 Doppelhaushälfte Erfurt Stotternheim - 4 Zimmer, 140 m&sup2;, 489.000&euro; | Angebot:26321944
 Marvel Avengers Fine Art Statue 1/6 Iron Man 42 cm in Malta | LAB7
————————
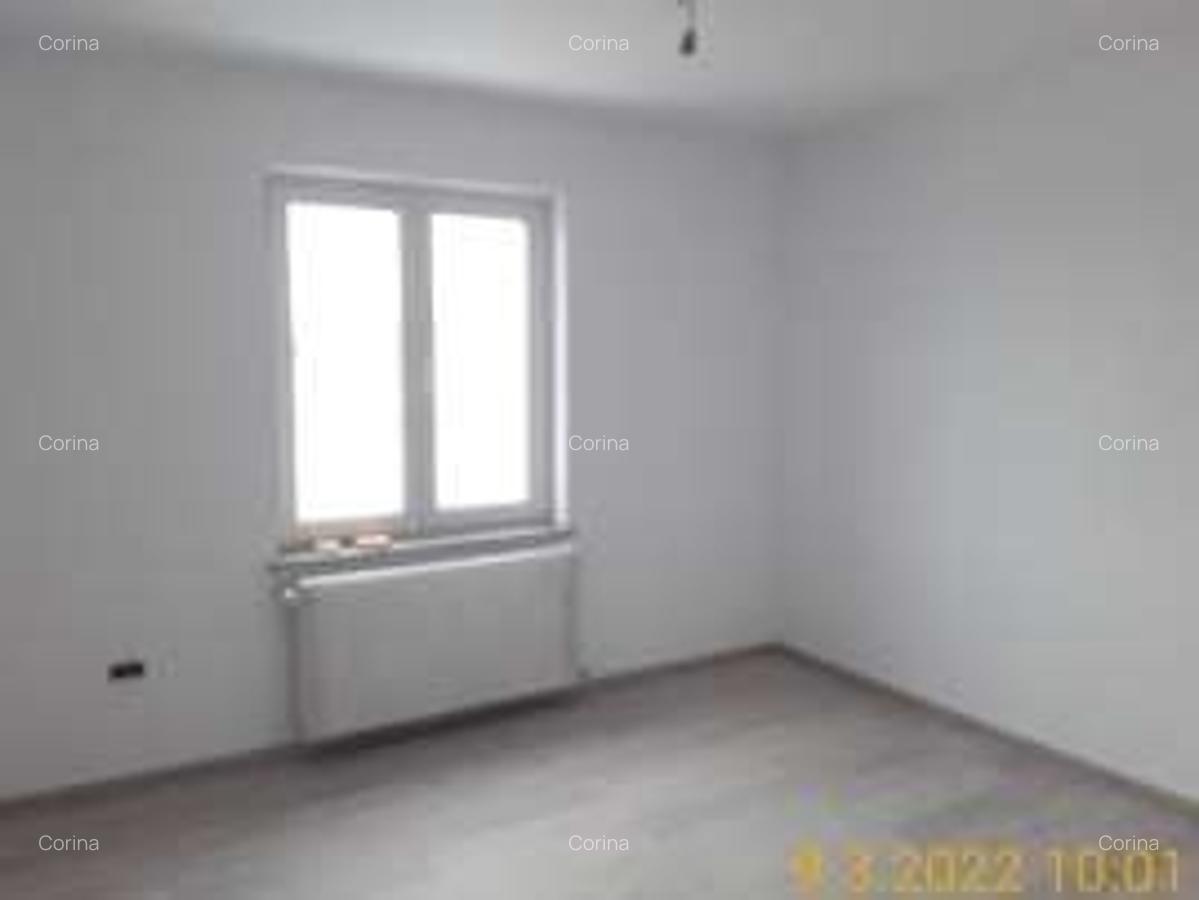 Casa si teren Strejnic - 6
————————
DIRECTIONS FOR THIS TASK: Look through the material above and print exactly the lines from the one containing "Doppelhaushälfte Erfurt Stotternheim" to the one containing "Marvel Avengers Fine", both included, and nothing more.

SOLUTION TO THIS PROBLEM:
 Doppelhaushälfte Erfurt Stotternheim - 4 Zimmer, 140 m&sup2;, 489.000&euro; | Angebot:26321944
 Marvel Avengers Fine Art Statue 1/6 Iron Man 42 cm in Malta | LAB7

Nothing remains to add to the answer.